Dem Trend zu privaten Bürgerwehren (die "Wiener Zeitung" berichtete) kann man in der Exekutive wenig Positives abgewinnen, stellen doch die selbst ernannten Sicherheitswächter das Gewaltmonopol der Polizei infrage. Um mehr Sicherheit zu vermitteln und das Vertrauen in die Arbeit der Exekutive zu stärken, startet das Innenministerium nun eine "Community Policing" Initiative. Dabei sollen Bürger an ihren jeweiligen Wohnorten in die Arbeit der Polizei eingebunden werden. Das Projekt "Gemeinsam sicher" sieht pro Gemeinde einen "Sicherheitsgemeinderat" vor, der gewählt oder vom Bürgermeister bestimmt werden und in Sicherheitsfragen als Schnittstelle zwischen Gemeinde und Bevölkerung fungieren soll.

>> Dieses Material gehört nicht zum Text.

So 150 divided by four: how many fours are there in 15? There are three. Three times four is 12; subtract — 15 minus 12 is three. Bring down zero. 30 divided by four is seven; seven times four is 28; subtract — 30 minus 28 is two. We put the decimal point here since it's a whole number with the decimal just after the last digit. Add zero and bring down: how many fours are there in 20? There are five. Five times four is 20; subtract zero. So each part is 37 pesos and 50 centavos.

Auf Bezirksebene sollen "Community-Polizisten" sowie "Community-Referenten" für besorgte Bürger als Ansprechpartner zur Verfügung stehen. Kern des Projekts ist aber die Möglichkeit für Einzelpersonen, sich als "Sicherheitsbürger" freiwillig für eine Zusammenarbeit mit der Exekutive zu melden. Im Anlassfall können diese Personen als Bindeglied zwischen Polizei und Bevölkerung arbeiten, indem sie etwa Informationen weiterleiten. Exekutive Befugnisse werde es aber für die "Sicherheitsbürger" keinesfalls geben, betont Konrad Kogler, Generaldirektor für die öffentliche Sicherheit. Mitmachen könne aber jeder.

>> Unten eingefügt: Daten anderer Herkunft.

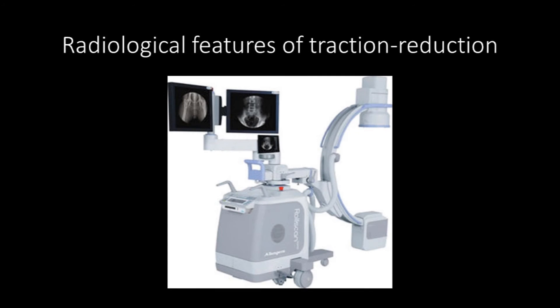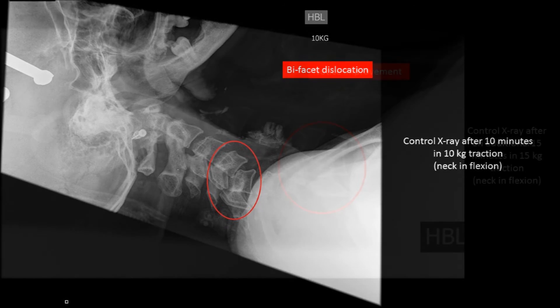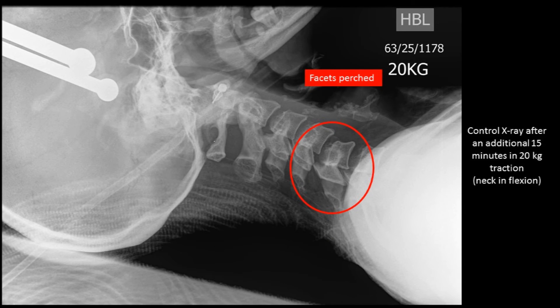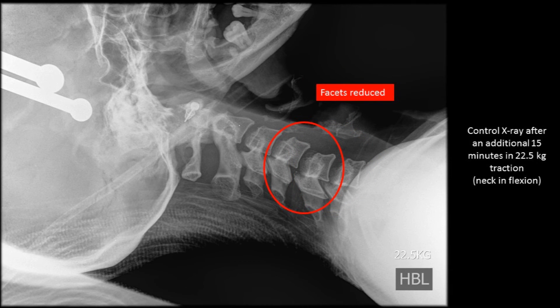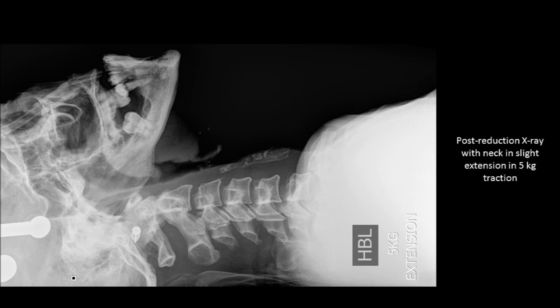The radiological features of traction reduction in a patient with bifacet dislocation are now shown. A control x-ray after 10 minutes at 10 kilograms traction with the neck in flexion is presented. Traction was increased by 5 kilograms, and an additional 5 kilograms was added. Facet reduction was achieved at a total weight of 22.5 kilograms. The post-reduction x-ray shows the neck in slight extension with 5 kilograms traction. It is important that traction is continuously maintained when the patient is transferred to the ward and during hospital stay.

Pilotprojekte starten im April
Dass die Funktion der "Sicherheitsbürger" vor allem Nachbarschafts-Querulanten und Denunzianten anziehen könnte, glaubt Kogler nicht: "Die Erfahrung zeigt, dass das Engagement dieser Personen schnell sinkt, wenn sie wirklich in die Arbeit eingebunden werden." Dass man mit dem Projekt vor allem den privaten Bürgerwehren das Wasser abgraben möchte, stellt Karl-Heinz Grundböck, Sprecher des Innenministeriums (BMI), in Abrede. Die Planungen würden bereits seit zwei Jahren laufen. Das Phänomen Bürgerwehren sei jedoch ein Symptom für das vermehrte Sicherheitsbedürfnis der Bevölkerung, so Grundböck. Dem wolle man mit der Einbindung der Bürger in die Polizeiarbeit Rechnung tragen.

Anfang April wird "Gemeinsam sicher" mit vier Pilotprojekten in den Bezirken Schärding, Mödling sowie in Teilen von Graz und in Eisenstadt starten. Insgesamt werden 26 "Community-Polizisten" und vier "Community-Referenten" im Einsatz sein. Laut Innenministerium soll das Projekt wissenschaftlich begleitet werden. "Sicherheitsbürger" werden noch gesucht.